It fails probably because the inverting input of it has a resistance that is too low for his sensor to drive, so I simply suggested using his spare opamp to buffer it.
What is your fix for his problem?

 

[GPG1]

Previous post

gain of 22.

Gain of 23
The sensor is easily able to drive a 10K load. The amp is probably stuffed through shorting the outputs.

 

[audioguru2]

Hi GPG,
1) The gain of this diff amp depends on what you call its input.
The entire circuit has a differential gain from between the inputs, V1 and V2, of exactly 22 (not 23).
An input from the inverting input, V1, to ground has a gain of exactly 22.
An input from the non-inverting input, V2, to ground also has a gain of exactly 22.
Only an input from the non-inverting point, V3, to ground has a gain of 23.

2) The LM34 has an NPN emitter-follower with resistors-to-ground output. At 0 degrees F, the entire IC (excluding its emitter-follower which will have 0V output) has a quiescent current of 60uA.
Its increase in quiescent current of only 15uA at 75 degrees F occurs only in its emitter resistors, which will have 0.75V across them, and therefore calculate to total 50K ohms. Any sourcing load will cause enormous inaccuracy.
Therefore it is not capable of sinking any current from a load that has a positive voltage source like our diff amp that sources 25uA.
It can source a current to a grounded load like an analog meter, or drive a high impedance load.

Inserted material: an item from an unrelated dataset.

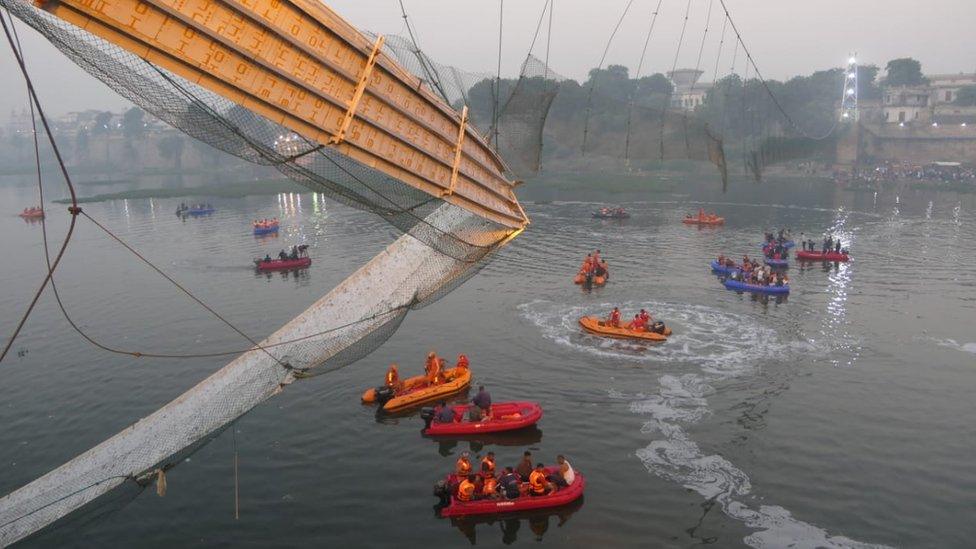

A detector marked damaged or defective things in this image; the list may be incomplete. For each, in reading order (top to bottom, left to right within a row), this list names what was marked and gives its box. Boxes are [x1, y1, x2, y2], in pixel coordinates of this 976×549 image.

rusted metal beam [34, 0, 528, 228] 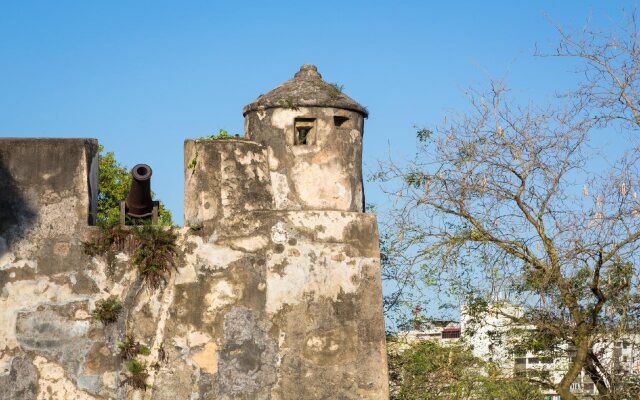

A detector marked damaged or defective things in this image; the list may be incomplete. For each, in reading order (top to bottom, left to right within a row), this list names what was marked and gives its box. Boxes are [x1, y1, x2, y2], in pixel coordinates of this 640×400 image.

rusty cannon [120, 163, 160, 225] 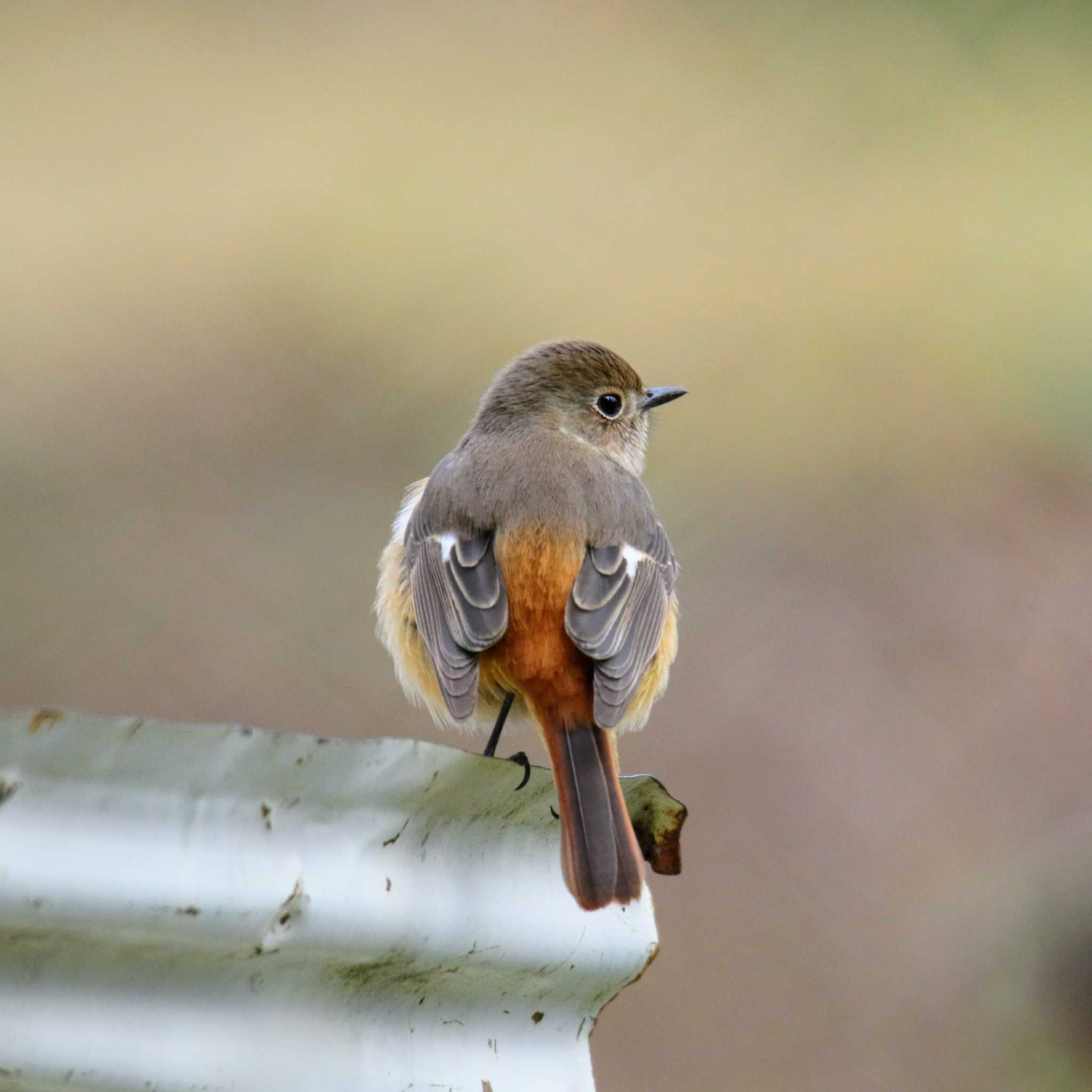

Darrin's results will confirm it.

 

[GPG1]

I thought that 0.05V drop in the original diff-amp was negligible, but it's not when it is amplified with a gain of 22.

~43.5mV, 23 gain

The LM34 has an NPN emitter-follower with resistors-to-ground output.

Reference please

Its increase in quiescent current of only 15uA at 75 degrees F occurs only in its emitter resistors, which will have 0.75V across them, and therefore calculate to total 50K ohms

Reference please

Therefore it is not capable of sinking any current from a load that has a positive voltage source like our diff amp that sources 25uA.

Capable of doing so down to 5